CONTEXT and HISTORY:
Frederick Law Olmsted intended Columbia Road to be a continuation of the Emerald Necklace -- the Boston City park network that connects parkland from the Back Bay Fens to Franklin Park. Under his original plan, Franklin Park would be connected to Marine Park and Pleasure Bay via Columbia Road, the Dorchesterway, and the Strandway (collectively the William J. Day Boulevard). The park system would thus have resembled a horseshoe of continuous greenway and parks.
The conditions of Columbia Road when the parks system was being established, however, precluded this vision from becoming a reality. When Columbia Road was formally designed in the late 1800s, there was already a relatively high density of buildings. The road had street rails that were used by a streetcar trolley connecting Uphams Corner and Franklin Park. There was a grass strip in the center and roads on either side, one for commercial traffic and the other for pleasure traffic. As a result, Columbia Road failed to serve the purposes of either the businesses or the pleasure travelers well, and there was not enough room for what Olmsted considered a proper parkway.
During a period of high racial tensions in the area in the 1960s, Columbia Road served as a barrier between two opposed ethnic groups -- the blacks and the Irish.

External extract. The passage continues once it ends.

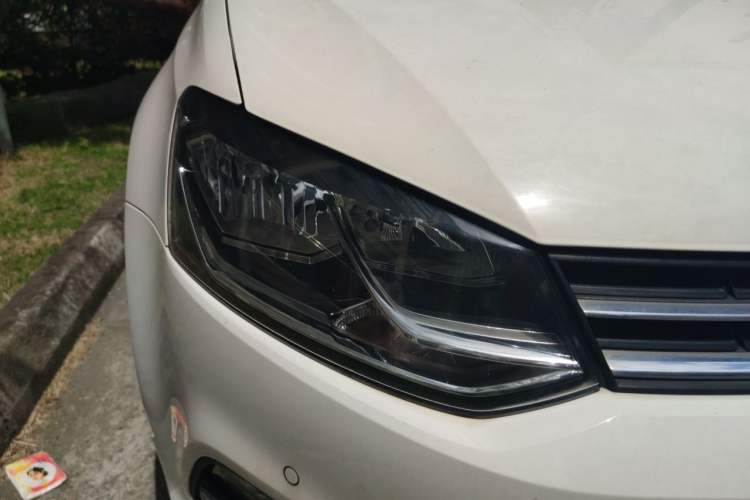 Used Volkswagen Polo 2016 1.6L Automatic Luxury Model Right Front Headlight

According to one social history of the area, "The very presence of a black face in parts of Irish Dorchester was considered sufficient provocation for a chase and beating; the sanctity of the neighborhood and parish was of paramount importance" (Levine and Harmon, The Death of an American Jewish Community, 1994, p176).

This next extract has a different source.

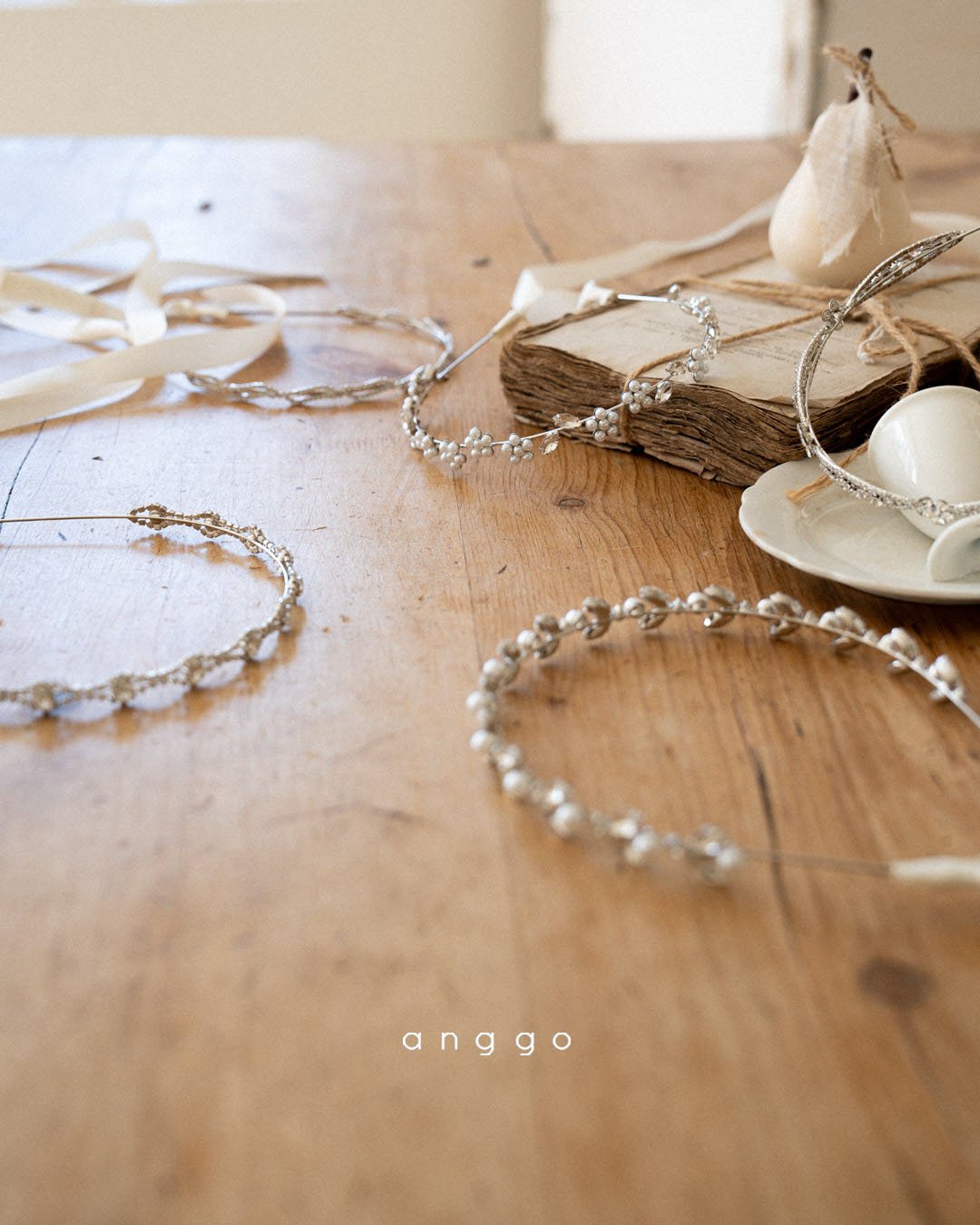 Anggo Hairband Tie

Physical improvements to Columbia Road were made between 1992 and 1993. More recently, the Boston Department of Parks and Recreation began planting and maintaining trees, grass, and planters along the western-most section of Columbia Road. Despite the recent "greening" of parts of Columbia Road by the Boston Department of Parks and Recreation, the corridor is not a parkway along the lines of other sections of the Emerald Necklace in Jamaica Plain.